*** The input Section Begins ***

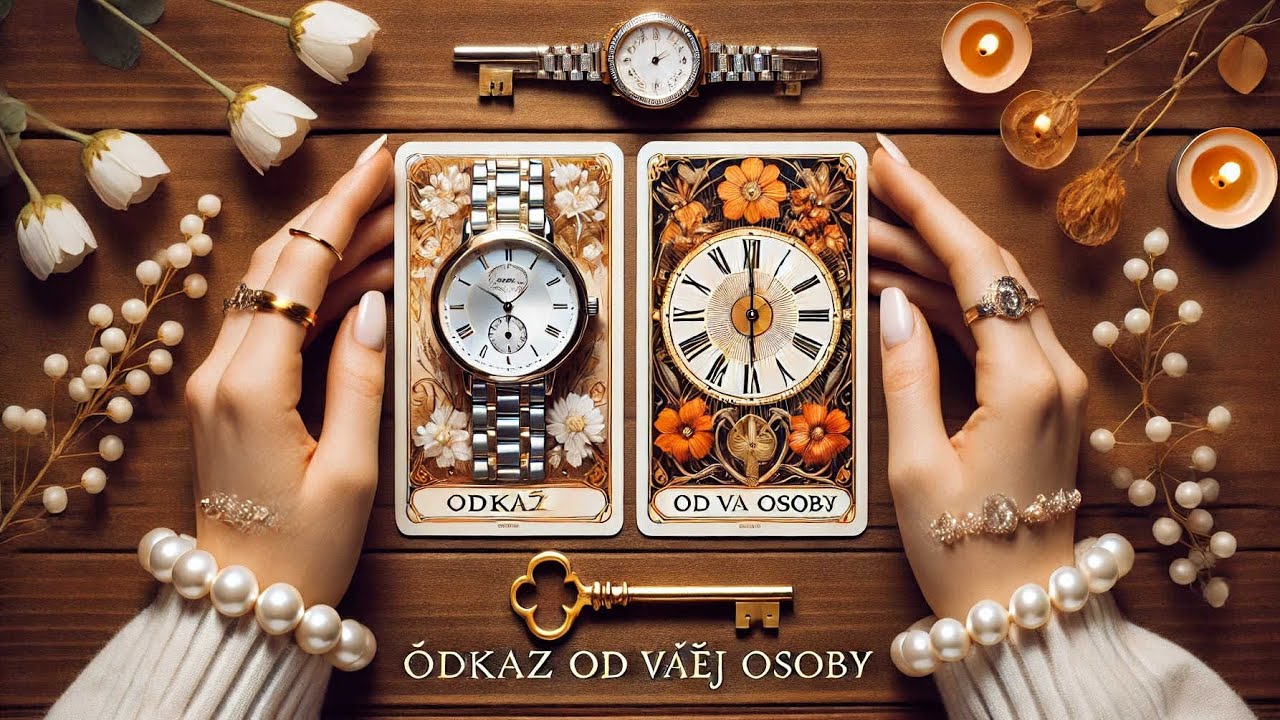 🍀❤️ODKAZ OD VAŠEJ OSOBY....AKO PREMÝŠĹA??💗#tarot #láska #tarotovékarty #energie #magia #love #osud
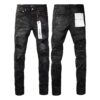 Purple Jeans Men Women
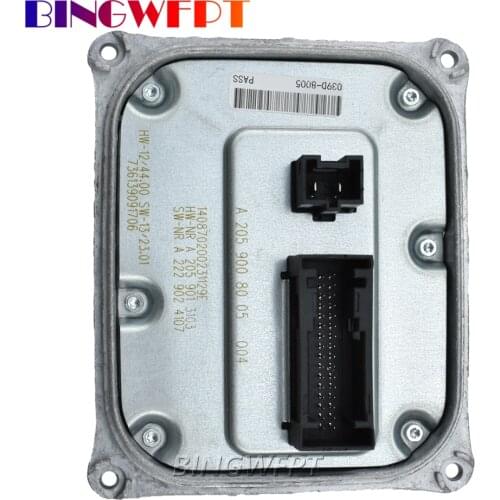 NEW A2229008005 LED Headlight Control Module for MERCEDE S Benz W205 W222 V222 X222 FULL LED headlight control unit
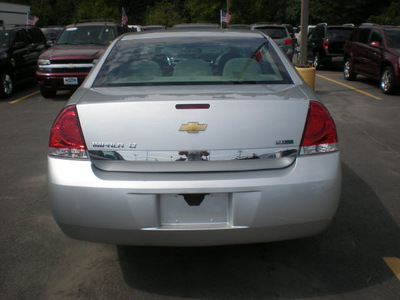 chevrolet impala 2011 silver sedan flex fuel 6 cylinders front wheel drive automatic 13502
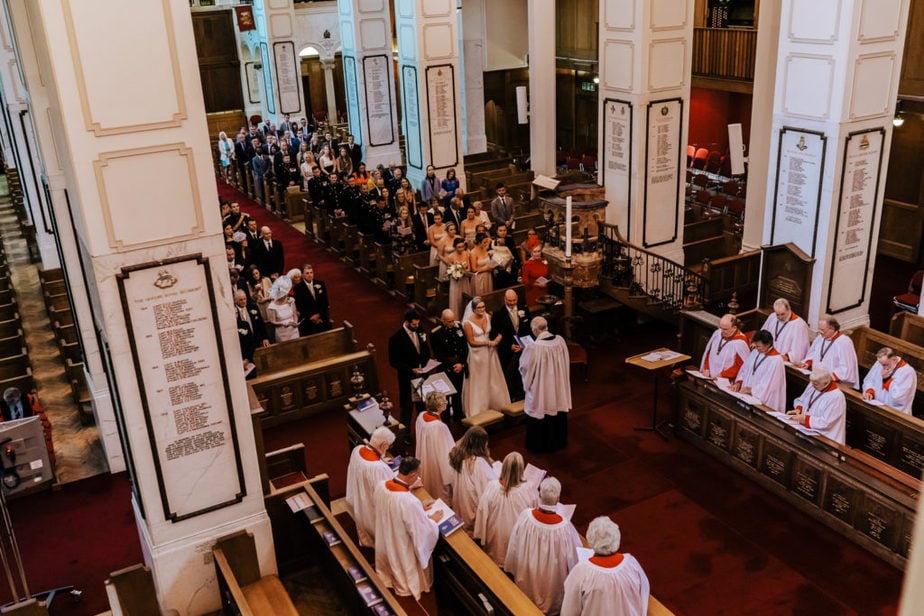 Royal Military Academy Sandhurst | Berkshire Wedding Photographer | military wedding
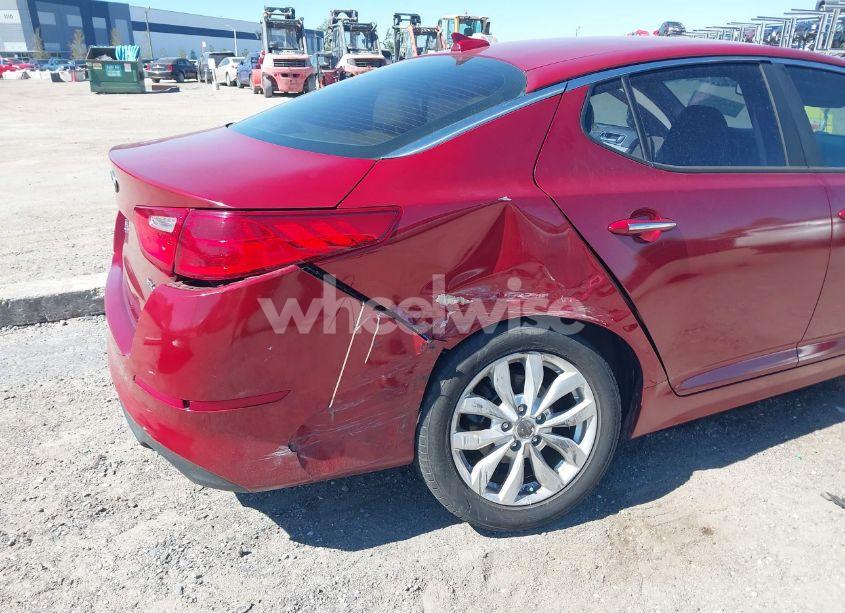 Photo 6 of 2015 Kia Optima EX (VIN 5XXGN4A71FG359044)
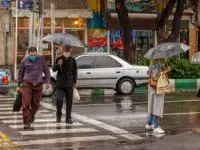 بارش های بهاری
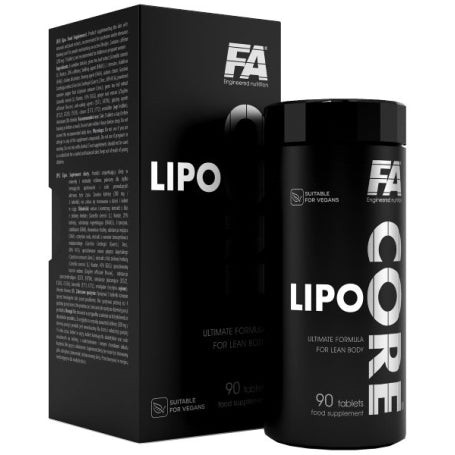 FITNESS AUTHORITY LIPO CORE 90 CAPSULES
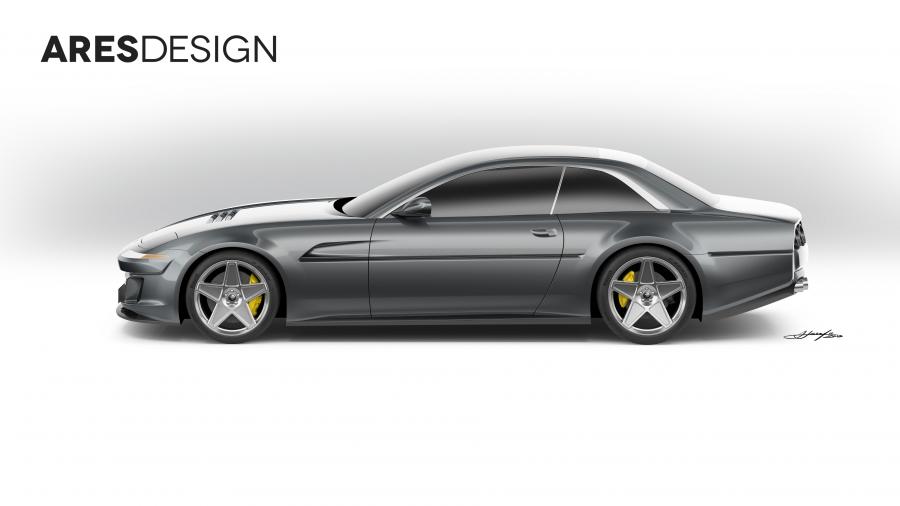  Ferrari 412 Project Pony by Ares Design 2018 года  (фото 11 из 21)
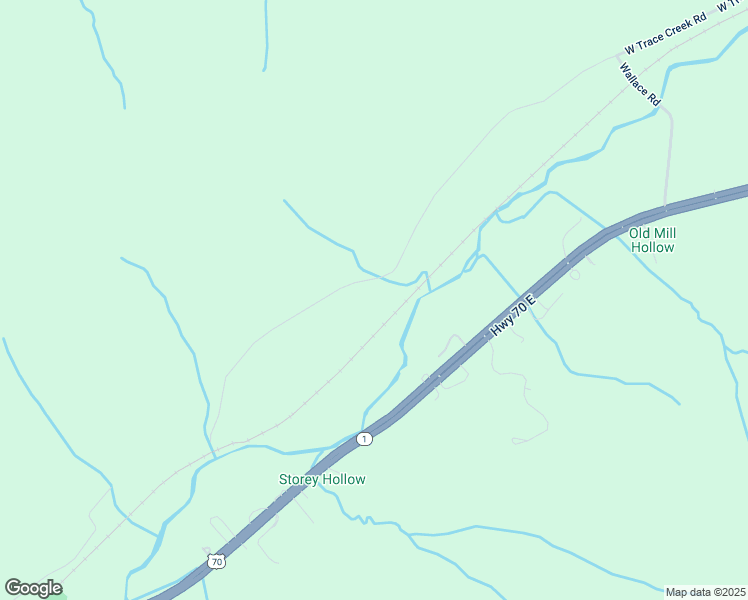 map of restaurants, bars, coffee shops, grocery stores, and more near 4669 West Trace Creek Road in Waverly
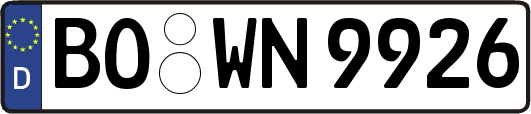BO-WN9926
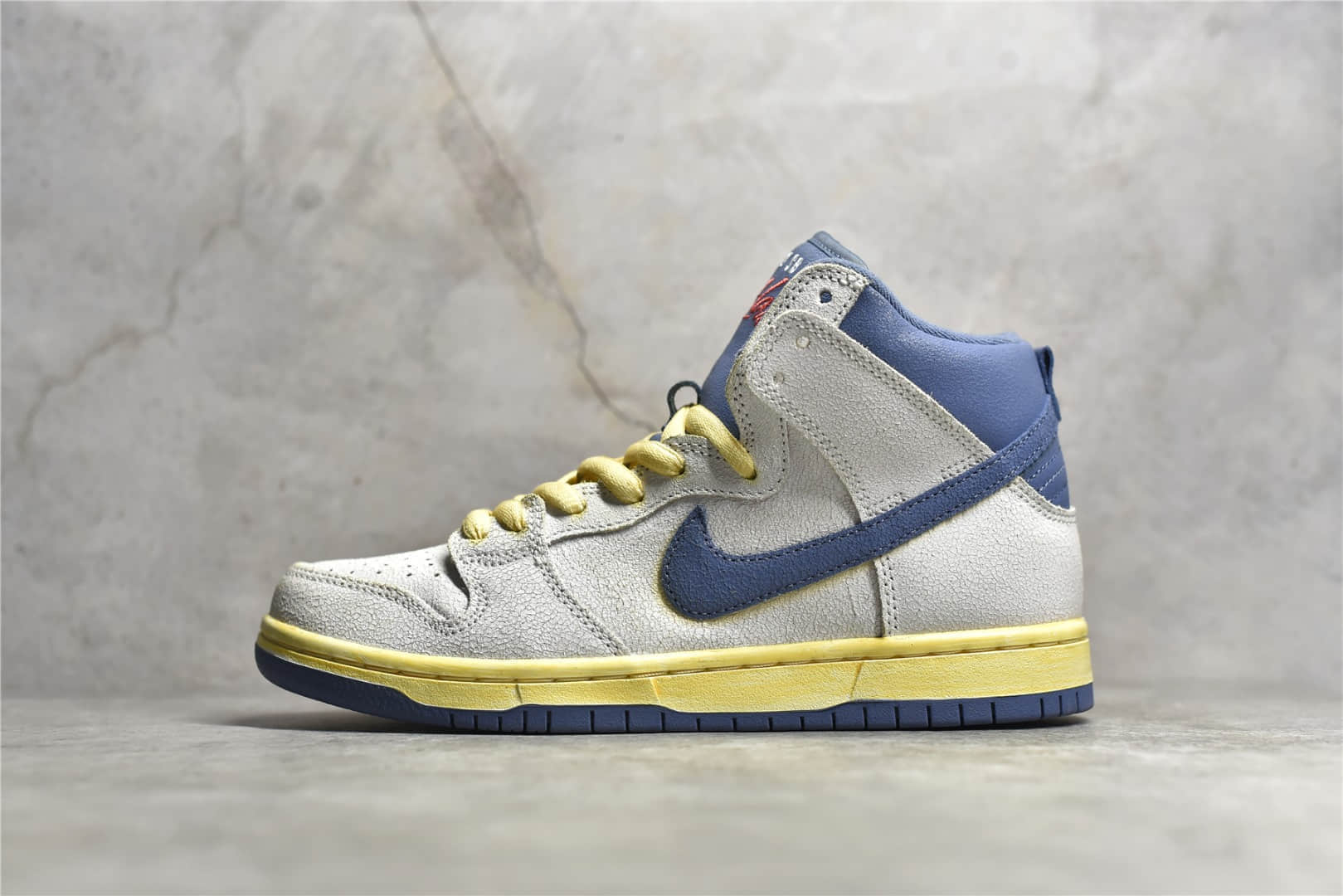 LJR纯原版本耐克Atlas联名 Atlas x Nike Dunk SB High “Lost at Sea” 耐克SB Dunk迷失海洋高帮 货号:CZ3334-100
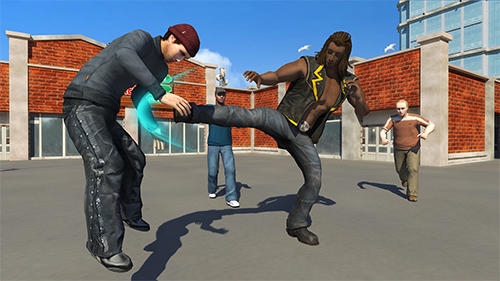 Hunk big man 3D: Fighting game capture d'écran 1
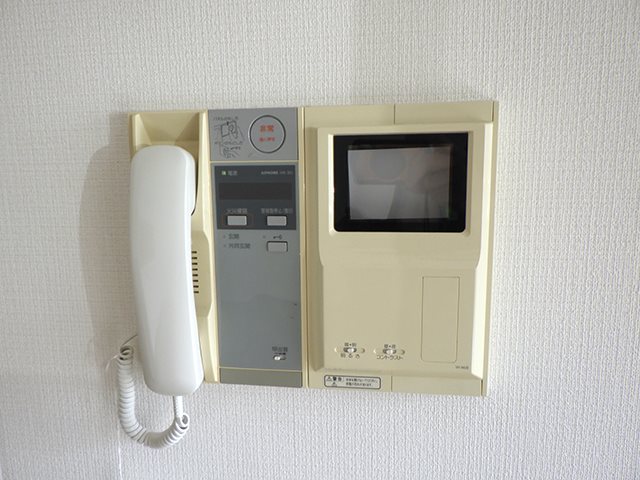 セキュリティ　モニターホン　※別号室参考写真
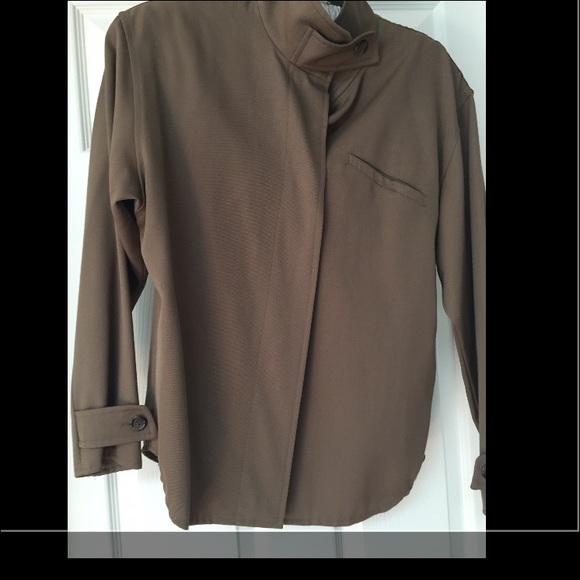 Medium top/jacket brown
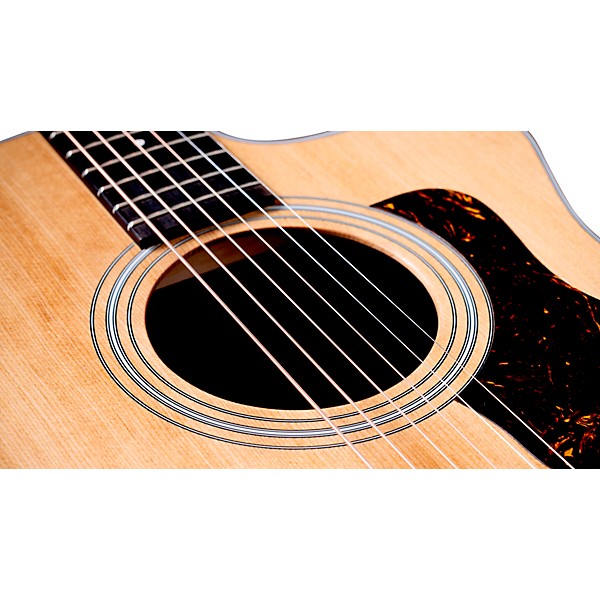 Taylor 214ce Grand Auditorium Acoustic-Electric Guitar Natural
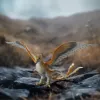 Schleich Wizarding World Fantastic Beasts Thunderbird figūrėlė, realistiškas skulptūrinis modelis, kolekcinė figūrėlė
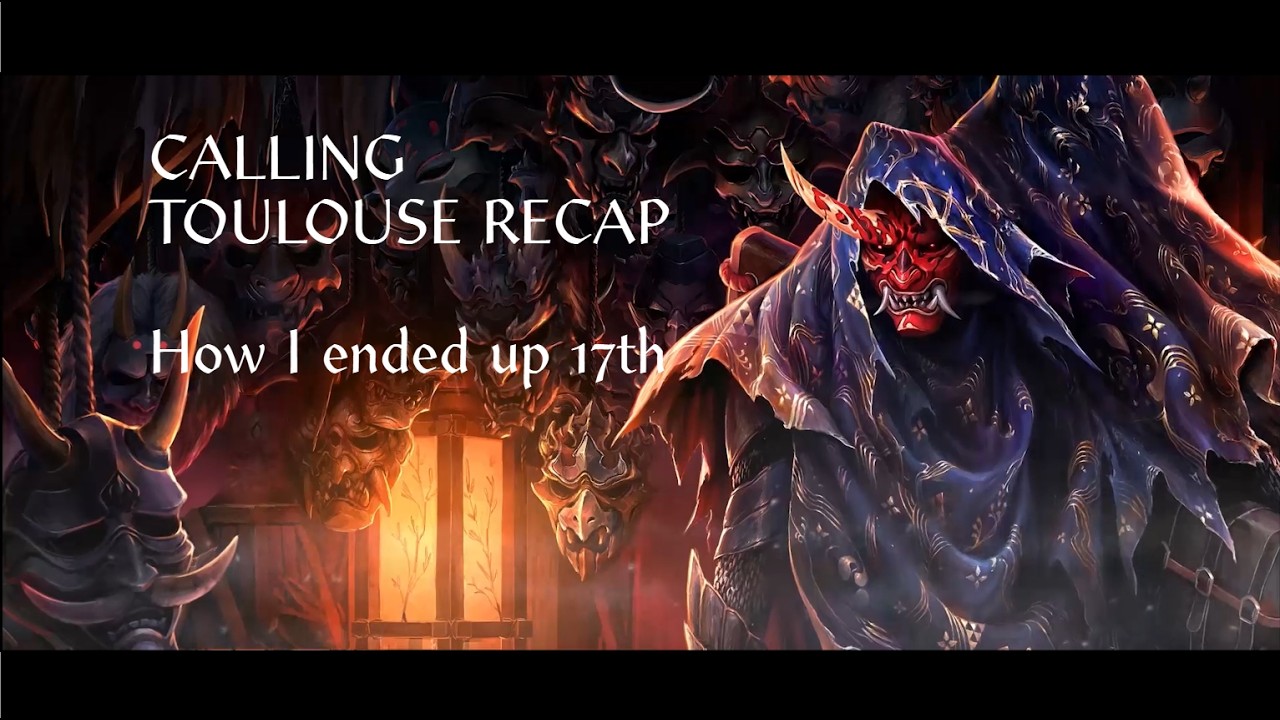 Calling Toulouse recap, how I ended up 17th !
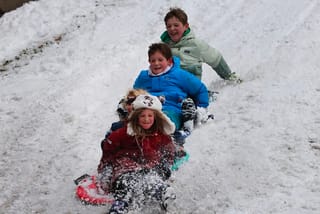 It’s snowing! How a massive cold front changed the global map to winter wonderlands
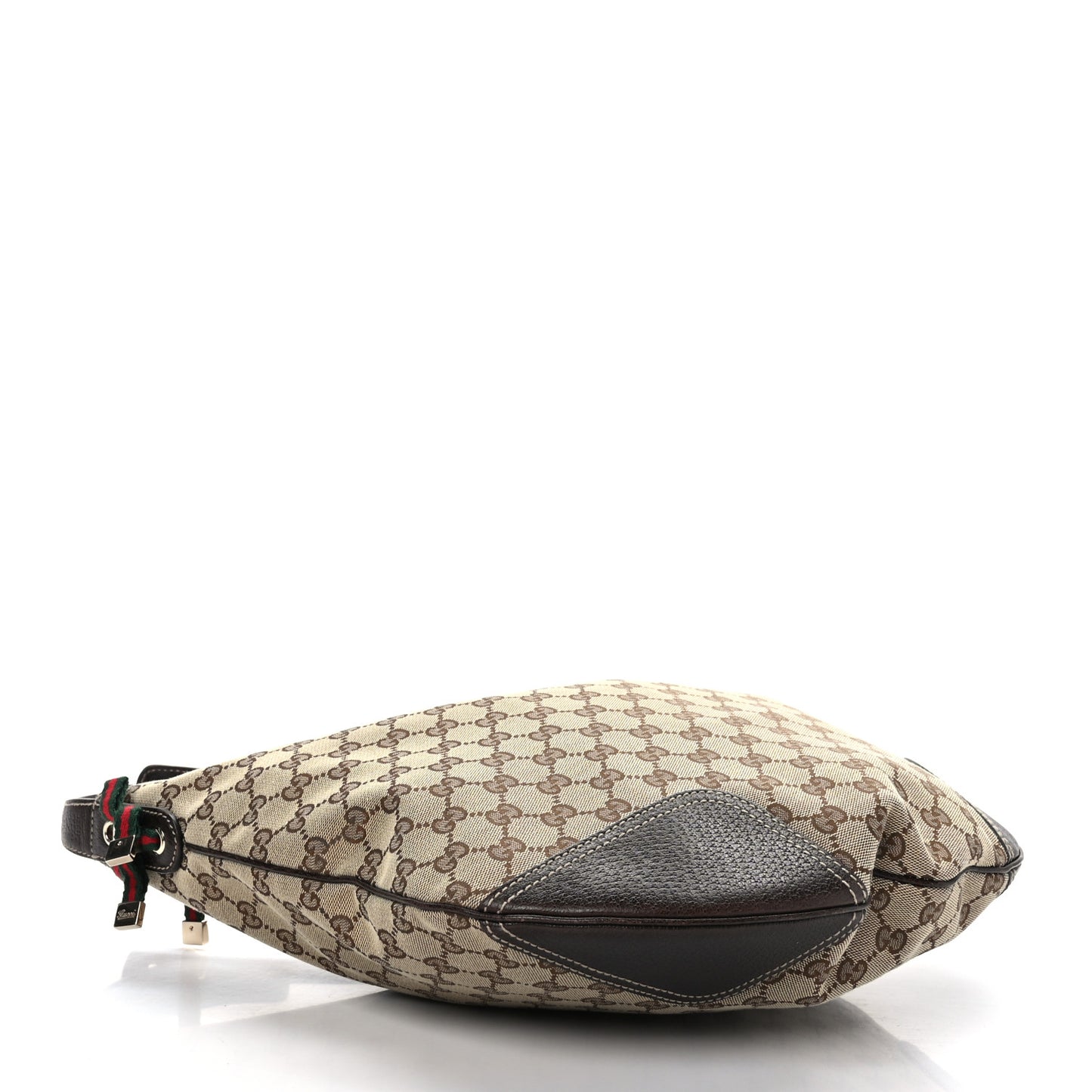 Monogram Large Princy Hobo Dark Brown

*** The input Section Ends ***

Problem description - Copy out all the data exactly. The images should not appear in the copy.

Solution for this task -
 🍀❤️ODKAZ OD VAŠEJ OSOBY....AKO PREMÝŠĹA??💗#tarot #láska #tarotovékarty #energie #magia #love #osud
 Purple Jeans Men Women
 NEW A2229008005 LED Headlight Control Module for MERCEDE S Benz W205 W222 V222 X222 FULL LED headlight control unit
 chevrolet impala 2011 silver sedan flex fuel 6 cylinders front wheel drive automatic 13502
 Royal Military Academy Sandhurst | Berkshire Wedding Photographer | military wedding
 Photo 6 of 2015 Kia Optima EX (VIN 5XXGN4A71FG359044)
 بارش های بهاری
 FITNESS AUTHORITY LIPO CORE 90 CAPSULES
  Ferrari 412 Project Pony by Ares Design 2018 года  (фото 11 из 21)
 map of restaurants, bars, coffee shops, grocery stores, and more near 4669 West Trace Creek Road in Waverly
BO-WN9926
 LJR纯原版本耐克Atlas联名 Atlas x Nike Dunk SB High “Lost at Sea” 耐克SB Dunk迷失海洋高帮 货号:CZ3334-100
 Hunk big man 3D: Fighting game capture d'écran 1
 セキュリティ　モニターホン　※別号室参考写真
 Medium top/jacket brown
 Taylor 214ce Grand Auditorium Acoustic-Electric Guitar Natural
 Schleich Wizarding World Fantastic Beasts Thunderbird figūrėlė, realistiškas skulptūrinis modelis, kolekcinė figūrėlė
 Calling Toulouse recap, how I ended up 17th !
 It’s snowing! How a massive cold front changed the global map to winter wonderlands
 Monogram Large Princy Hobo Dark Brown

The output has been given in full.